Wien. Es ist beinahe schon ein Ritual, das Politikjournalisten seit über einem Jahr begleitet. Sebastian Kurz, der jüngste Kanzler der Zweiten Republik und Schöpfer der zur türkisen Bewegung stilisierten ÖVP, und Heinz-Christian Strache, Chef der Freiheitlichen, die überall in Europa als extrem rechte Partei mit Argusaugen beobachtet wird, verkaufen die Früchte ihrer konstruktiven Zusammenarbeit, demonstrieren Harmonie. So geschehen auch bei der Ein-Jahres-Bilanz der Regierung vor Weihnachten.

Die Fragen der Journalisten aber drehen sich um Skandale und rechtsextreme Ausritte der Freiheitlichen. Allen voran deutsche Journalisten wollen von Sebastian Kurz wissen, wo er die Grenze zieht. Etwa wenn FPÖ-Männer wie der niederösterreichische Landesrat Gottfried Waldhäusl Asylwerber ohne Gerichtsurteil in Lager sperren. "Wie Sie sehen, haben wir hier unterschiedliche Auffassungen", sagt Kurz dann lapidar. "Die Grenze ist das Strafrecht", das ist Kurz’ Credo, wenn es um die extreme Rechte geht.

Der enorme Spielraum, den Kurz den Freiheitlichen einräumt, gibt Kurz auch die Chance, sich selbst immer wieder als den moderaten, pragmatischen, europafreundlichen Part darzustellen. Selbst wenn FPÖ-Politiker wie Johann Gudenus oder Christian Hafenecker die dezidiert christlich-soziale Caritas frontal angreifen, diese als "Asylindustrie" diffamieren und ihr "Profitgier" unterstellen, sind es nicht ÖVP-Politiker, sondern linke Kräfte, die zur Verteidigung ausrücken. Vom Kanzler gibt es zu den Attacken des Koalitionspartners nur donnerndes Schweigen. Im Gegenteil: Er glaube nicht, dass Caritas-Präsident Michael Landau zur türkisen Wählerschaft zähle, sagt Kurz. Es gebe niemanden, der ein Recht habe, zu definieren, was christlich-sozial sei. Sehr wohl christlich-sozial sei seine Reform der Mindestsicherung, inklusive aller Kürzungen für Geflüchtete.
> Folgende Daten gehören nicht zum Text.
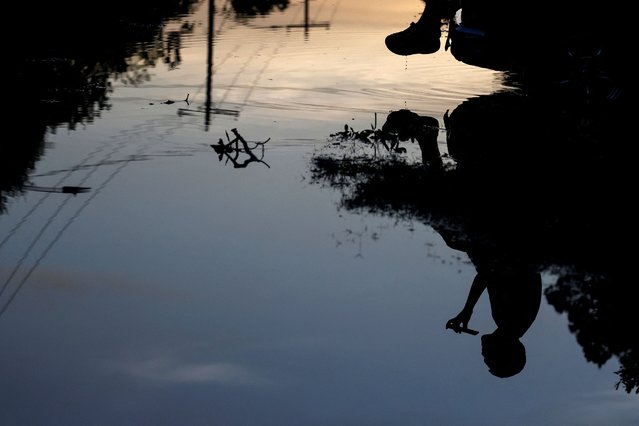 Reflection of a person in floodwaters in the aftermath of Hurricane Beryl, in Houston, Texas on July 8, 2024. (Photo by Daniel Becerril/Reuters)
Nicht immer aber schweigen die Vertreter der alten, "schwarzen" ÖVP. Ehemalige Parteigranden, die auch heute noch großen Einfluss ausüben, beziehen öffentlich Position gegen die Law-and-Order-Politik des Kanzlers und der FPÖ. Zuletzt stellte sich der mächtige niederösterreichische Ex-Landeshauptmann Erwin Pröll demonstrativ hinter die Initiative "Ausbildung statt Abschiebung" des oberösterreichischen Grünen Rudi Anschober. Die Liste der schwarzen Kritiker wird immer länger: Die ehemaligen ÖVP-Vizekanzler Wilhelm Molterer und Reinhold Mitterlehner sind darunter, der frühere Flüchtlingskoordinator und Raiffeisen-Manager Christian Konrad und sein Vertrauter Ferry Maier gelten längst als dezidierte Kurz-Kritiker. Der ehemalige EU-Kommissar Franz Fischler nimmt sich medial kein Blatt vor den Mund. Das Jahr 2019 werde zum Schlüsseljahr für die Koalition, sagt er.